Short text fragments from websites:

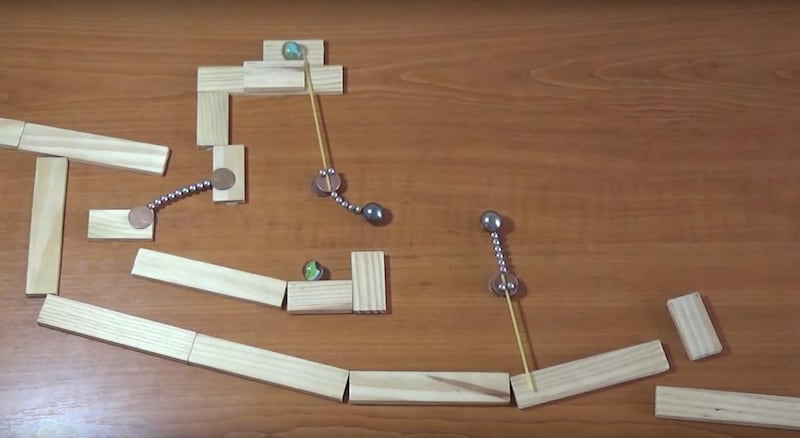 YouTube screenshot of "Magnets and Marbles!"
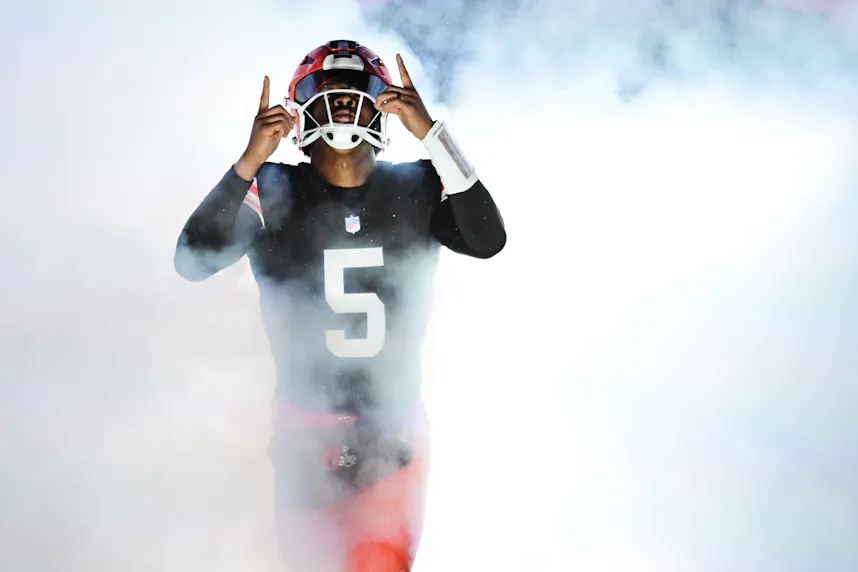 Cleveland Browns quarterback Jameis Winston is introduced as we make our best Jameis Winston MNF player prop bets.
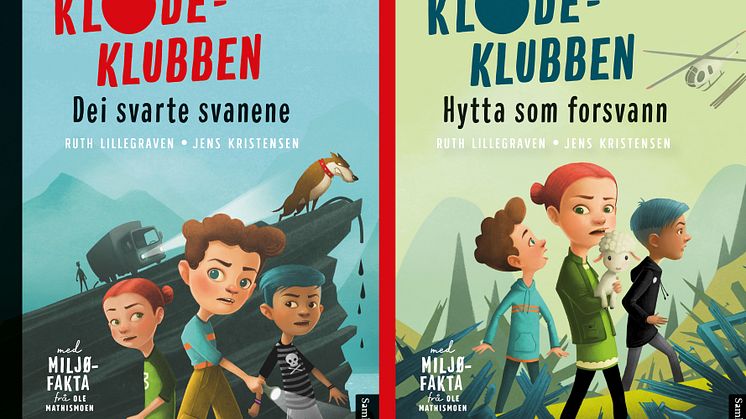 "Dei svarte svanene" og "Hytta som forsvann" av Ruth Lillegraven og Jens Kristensen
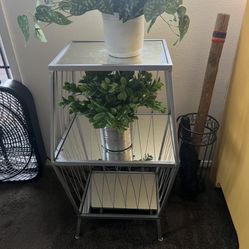 Small Mirrored Shelf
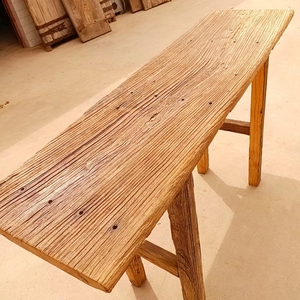 老榆木长条桌,尺寸144/40/84,榫卯结构,风化漂亮,邮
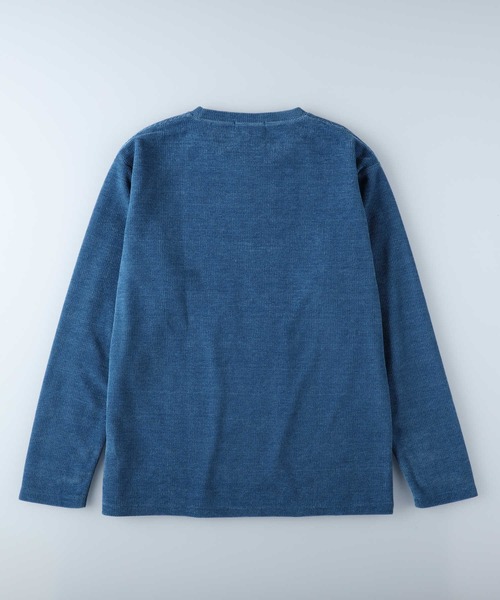 BACK NUMBER(バックナンバー)の「【BACK NUMBER】モールレイヤードロンT(Tシャツ/カットソー・メンズ・ケリーグリーン/ターコイズブルー/ベージュ・M/L/XL)」の8枚目の写真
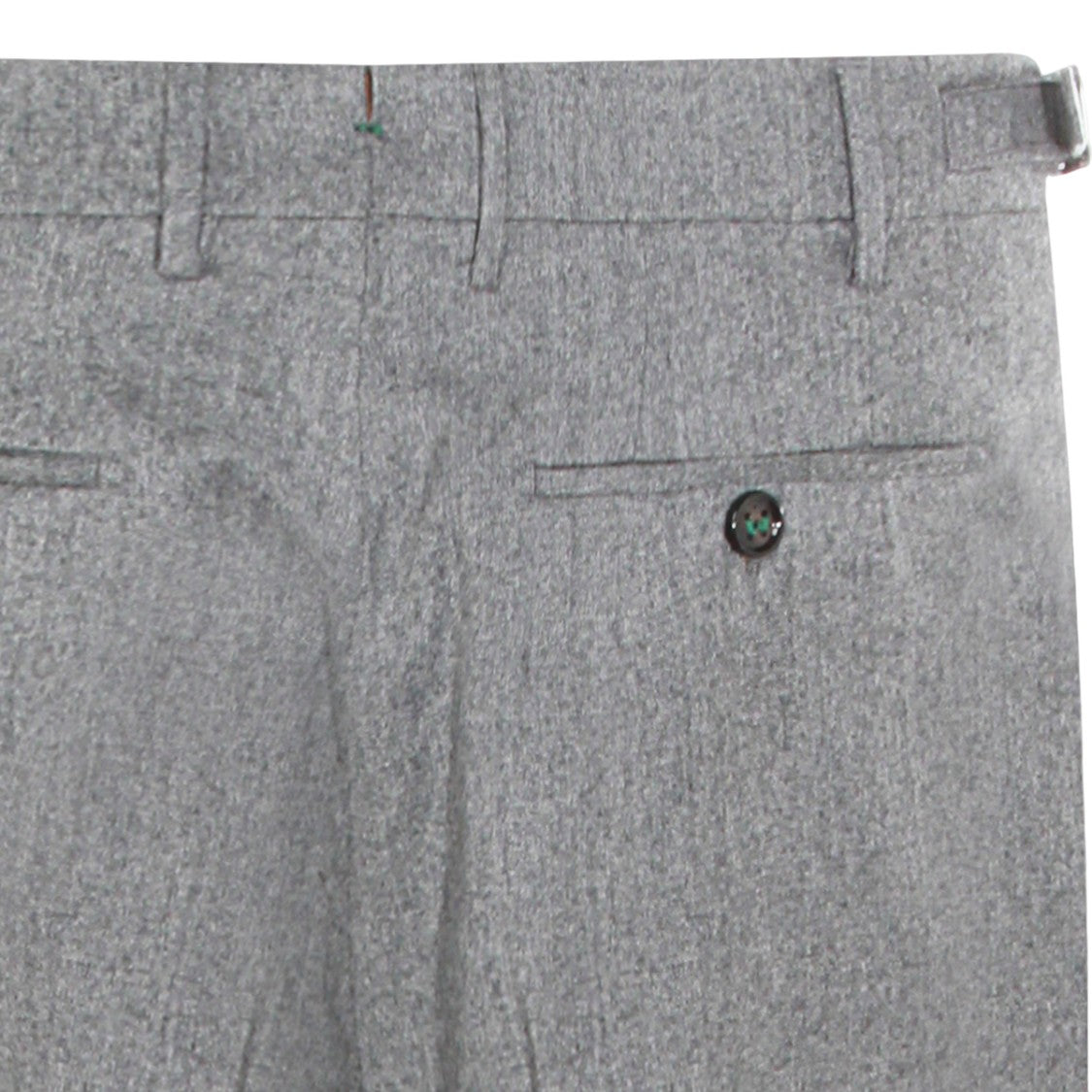 Berwich Tailored Light Grey Trousers With High Waist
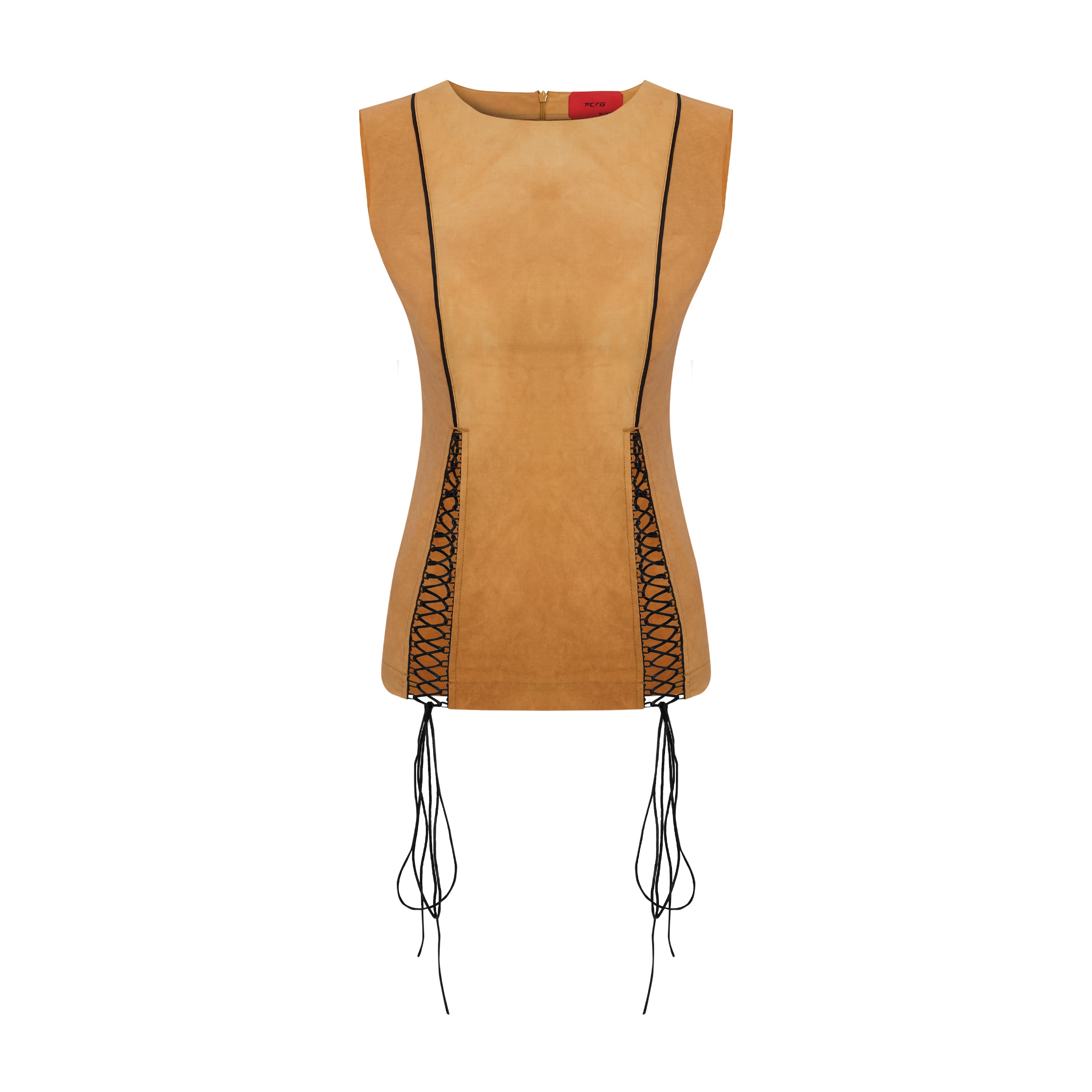 TOP WITH SLIT DETAIL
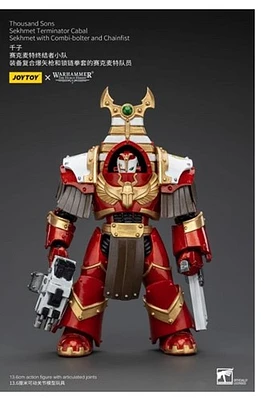 Warhammer The Horus Heresy Action Figure 1/18 Thousand Sons Sekhmet Terminator Cabal Sekhmet with Co 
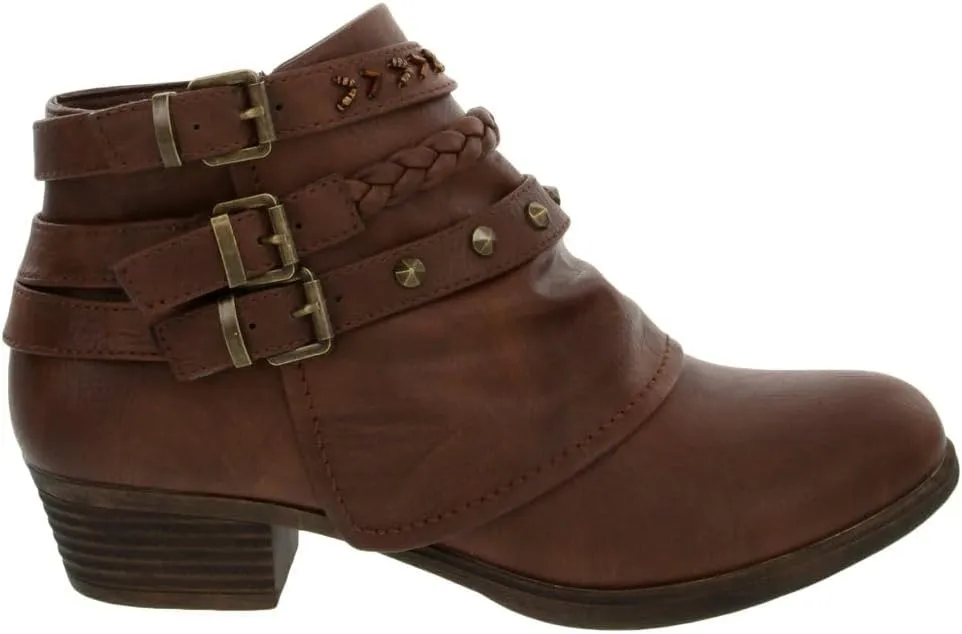 Sugar Women's Dress Block Heel Ankle Boot, Ladies Zipper Bootie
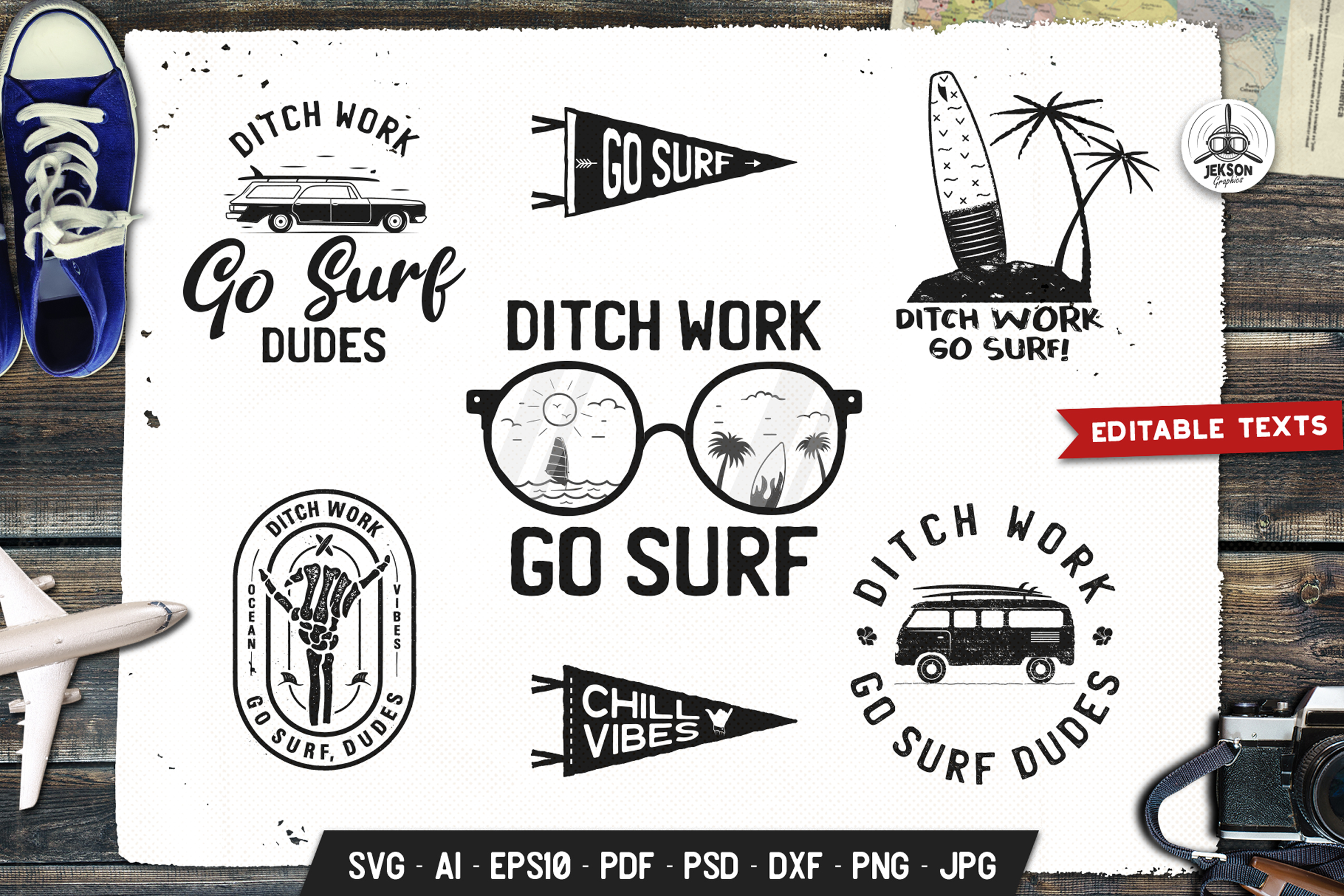 Surfing Retro Logos Designs Beach Tshirt Prints Svg File 374600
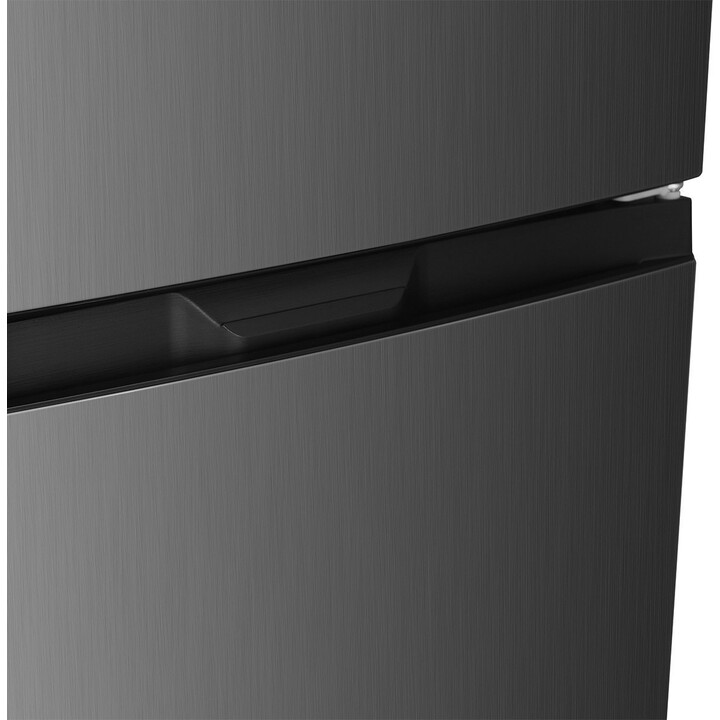 Haeger CR-32S.018A, Réfrigérateur combiné autoportant 320L Classe E avec système de refroidissement avancé, Acier inoxydable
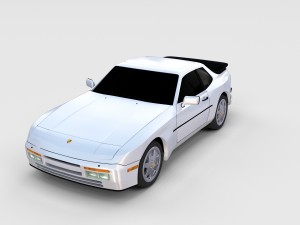 porsche 944 s2 rev Model 3D
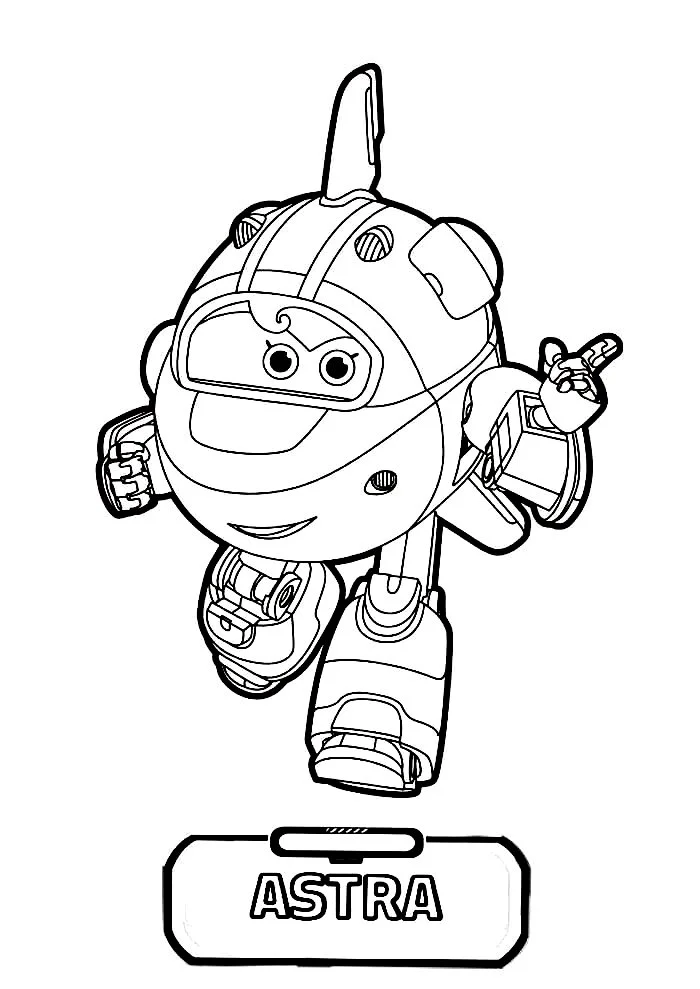 Super Wings Coloring Pages 5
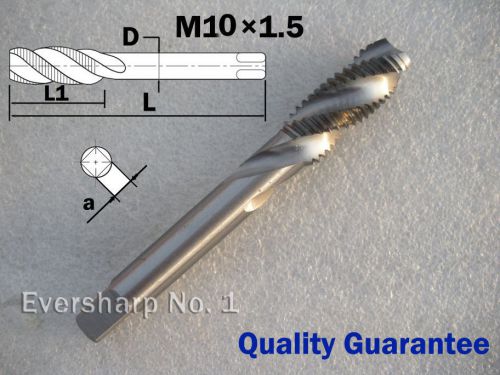 HSS Metric Fine Thread Spiral Fluted Right Hand Machine Taps M10 Pitch 1.5 mm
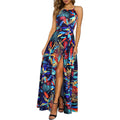Kilig Women'S Summer Floral Beach Flowy Split Maxi Long Dresses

Task to carry out:
In the copy, leave out all pictures, and retype exactly each line from the one with "porsche 944 s2 rev Model 3D" through the last line of the entries.

Result below:
 porsche 944 s2 rev Model 3D
 Super Wings Coloring Pages 5
 HSS Metric Fine Thread Spiral Fluted Right Hand Machine Taps M10 Pitch 1.5 mm
Kilig Women'S Summer Floral Beach Flowy Split Maxi Long Dresses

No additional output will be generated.